COVID-19-induced project delays impacted India’s Solar Power transition last year, but 2021 is still set to be a “landmark year” for the resource, according to new research. India installed 2.6GW of new utility-scale solar power capacity between January and December last year, JMK Research & Analytics’ latest report on the country’s renewables market claims. This represents a 65% decline in growth compared to 2019.
The country’s renewables capacity reached 91.2GW as of last December, JMK’s report said, with solar making up 41% of the clean energy mix. Modi has previously said that the country’s renewables capacity is expected to reach 220GW by 2022, exceeding its original 175GW target. However, the country is set to miss its much-vaunted ambition of installing 100GW of solar by 2022, with most forecasts expect the total figure to reach 65GW. India currently has a development pipeline of solar, wind, and hydropower totaling 50GW capacity which is set to be commissioned over the next three years, and solar is set to see the fastest growth of any renewable energy source, the report said.
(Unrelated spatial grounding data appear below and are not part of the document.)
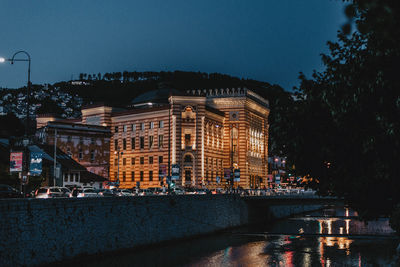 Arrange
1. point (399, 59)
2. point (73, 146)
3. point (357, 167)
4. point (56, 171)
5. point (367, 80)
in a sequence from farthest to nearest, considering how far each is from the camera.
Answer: point (73, 146) < point (56, 171) < point (357, 167) < point (367, 80) < point (399, 59)

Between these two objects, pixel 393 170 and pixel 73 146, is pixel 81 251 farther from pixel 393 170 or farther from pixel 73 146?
pixel 73 146

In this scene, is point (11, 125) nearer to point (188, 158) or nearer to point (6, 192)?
point (188, 158)

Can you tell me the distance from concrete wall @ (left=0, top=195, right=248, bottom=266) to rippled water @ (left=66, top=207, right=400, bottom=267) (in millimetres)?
1259

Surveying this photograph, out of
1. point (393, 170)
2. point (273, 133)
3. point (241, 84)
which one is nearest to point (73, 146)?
point (273, 133)

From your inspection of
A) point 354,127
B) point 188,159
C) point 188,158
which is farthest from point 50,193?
point 188,158

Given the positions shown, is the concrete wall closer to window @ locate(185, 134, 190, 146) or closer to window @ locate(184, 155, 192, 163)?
window @ locate(184, 155, 192, 163)

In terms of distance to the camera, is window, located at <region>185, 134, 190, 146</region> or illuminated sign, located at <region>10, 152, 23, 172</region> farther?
window, located at <region>185, 134, 190, 146</region>

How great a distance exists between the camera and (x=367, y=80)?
766 inches

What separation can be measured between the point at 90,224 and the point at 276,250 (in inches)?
686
However, the research group believes that activity over the next 11 months will amount to a “landmark year” for India’s solar capacity, and projects that were not commissioned last year due to COVID-19 disruption will get the green light in 2021. Around 9.7GW of utility-scale solar capacity is expected to be commissioned by December with a further 2GW of rooftop solar installations to be commissioned by the end of the year, up from the 1,172MW in 2020.